George Bower (or Bowers) (fl. 1664–1689), was a medallist to King Charles II, James II and William III, and an engraver to the Royal Mint.
Although his work displays considerable skill it is inferior in finish and execution to that of the Roettiers, well-known medallists of the same period. The most interesting of Bower's medals may be the specimen struck to commemorate the acquittal of the Earl of Shaftesbury of high treason. It has a bust of the earl on the obverse; on the reverse is the legend "Lætamur, 24 Nov. 1681", and a view of London with the sun bursting from behind a cloud.

==Life==
In January 1664, Bower was appointed "embosser in ordinary" (engraver) to the Mint, an office which he continued to hold until his death in the early part of 1689 (or 1690).
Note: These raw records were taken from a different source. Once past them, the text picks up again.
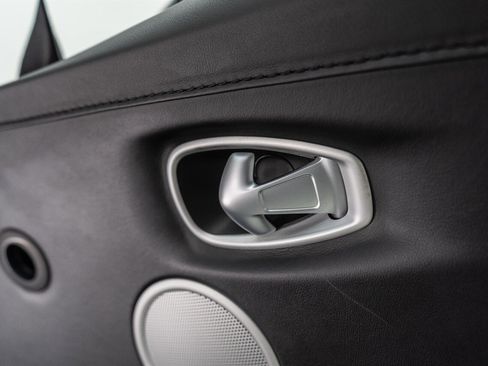 Used 2021 Aston Martin V8 Vantage Roadster RWD image 46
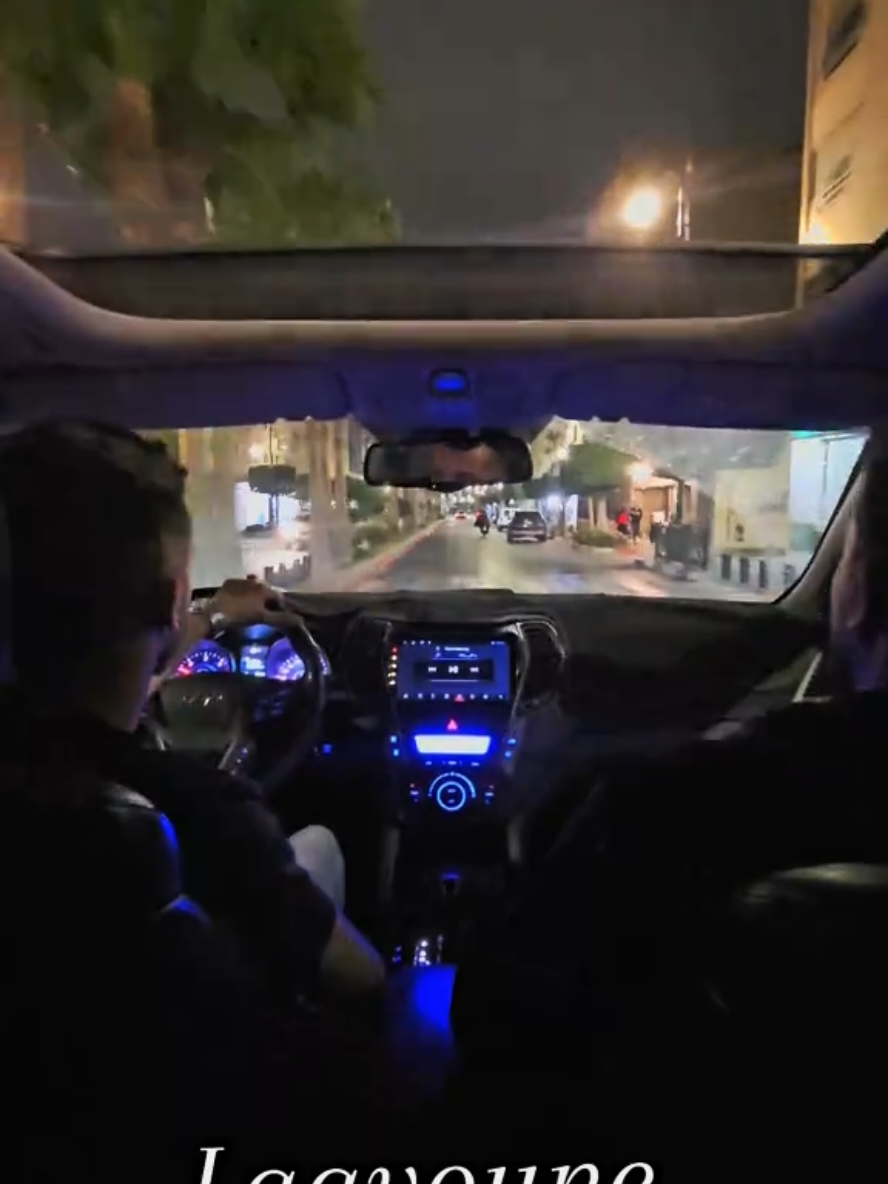 #fouryou #elbruso #peda #moldova #الشعب_الصيني_ماله_حل😂😂 #مغرب #موريتانيا #laayoune #voiture #trendingvideo 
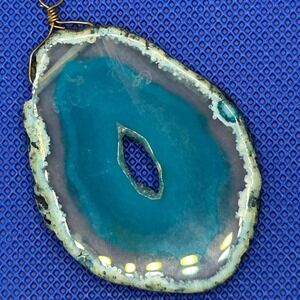 Teal Agate Geode Slice Pendant Necklace Goldtone Chain Natural crystlline edge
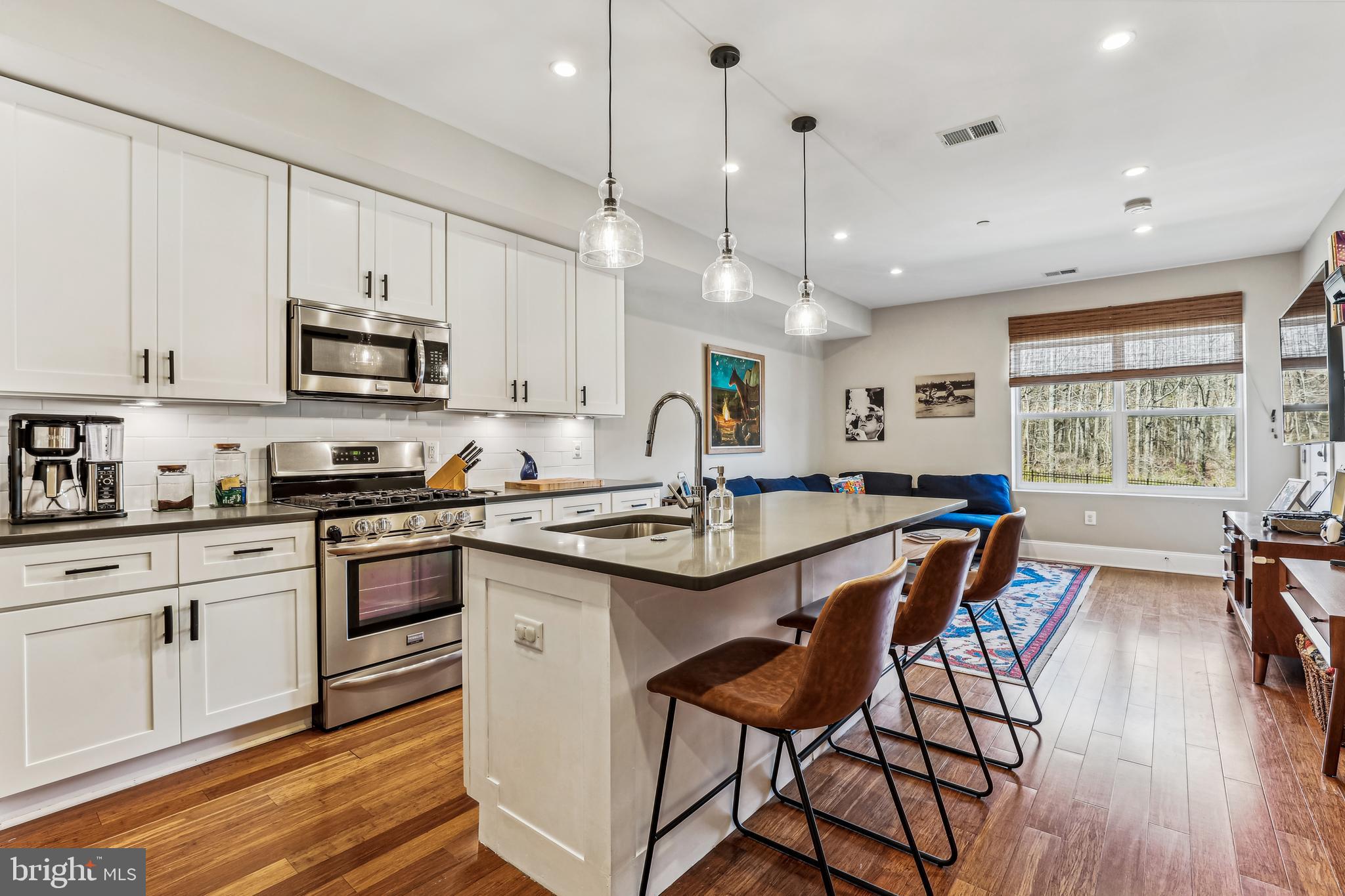 2221 M St NE #302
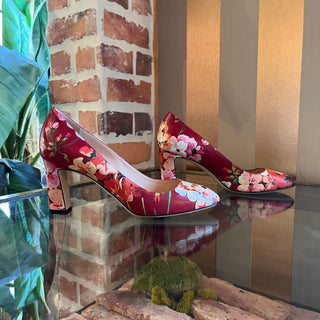 GUCCI Red Calfskin Blooms Pumps SZ 37.5 (US 7.5)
He executed a number of medals for the royal family and private individuals.
The production of Shaftesbury specimen gave rise to John Dryden's satire, "The Medal":

Five days he sate for every cast and look,
Four more than God to finish Adam took;
But who can tell what essence angels are,
Or how long Heaven was making Lucifer?

During the reign of Charles II, Bower also made the Restoration medal (1660: reverse, Jupiter destroying prostrate giants, signed "G. Bower"'), the marriage medal (1662 : signed "G. B."), and medals relating to the papist and Rye House plots. Medals he made under James II include a piece commemorating the defeat of Monmouth (signed "G. Bowers"), and specimens referring to the trial of the seven bishops. He also produced a medal celebrating the landing of William III at Torbay in 1688 and the coronation medal of William III and Mary II in 1689.